▶ DATA EXTRACT
────────

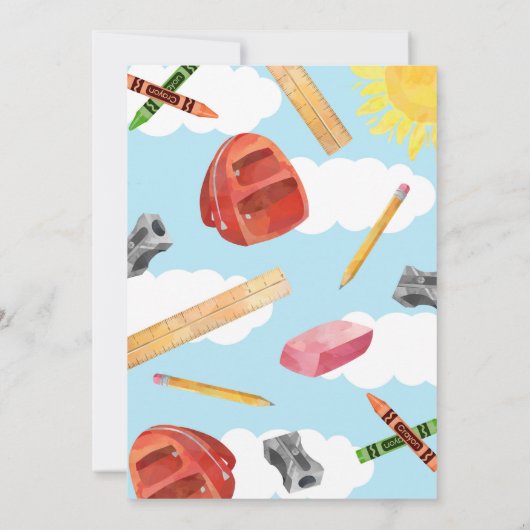 Terug naar school Verjaardagsfeest Uitnodiging (Achterkant)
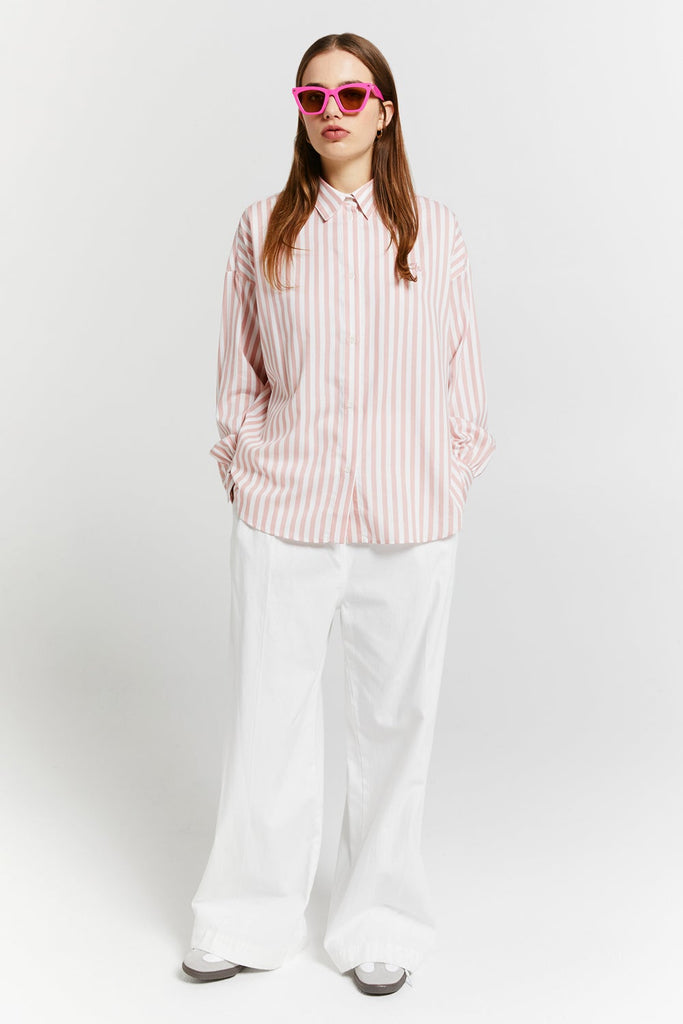 Karen Walker Berisford Dress Shirt - Cotton Rose Viscose - Pink/White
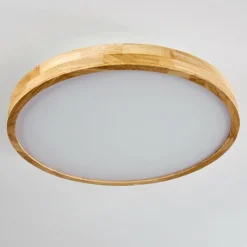 hofstein Plafonnier Bagaha LED Bois clair, 1 lumière, Télécommandes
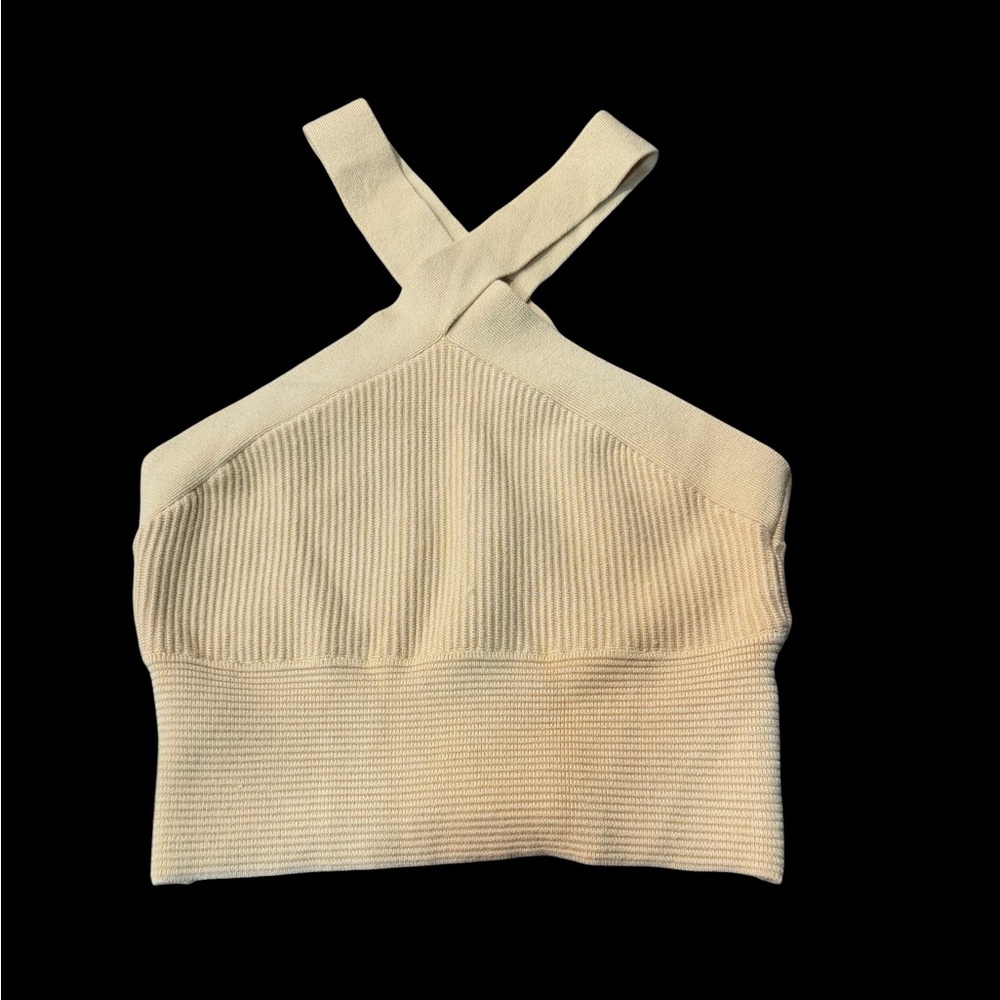Abercrombie & Fitch Cream Ribbed Halter Cross-Back Crop Tank. Used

────────

▶ WORK ORDER
Leaving out only the pictures, return the material above unchanged.

▶ TASK ANSWER
 Terug naar school Verjaardagsfeest Uitnodiging (Achterkant)
 Karen Walker Berisford Dress Shirt - Cotton Rose Viscose - Pink/White
 hofstein Plafonnier Bagaha LED Bois clair, 1 lumière, Télécommandes
Abercrombie & Fitch Cream Ribbed Halter Cross-Back Crop Tank. Used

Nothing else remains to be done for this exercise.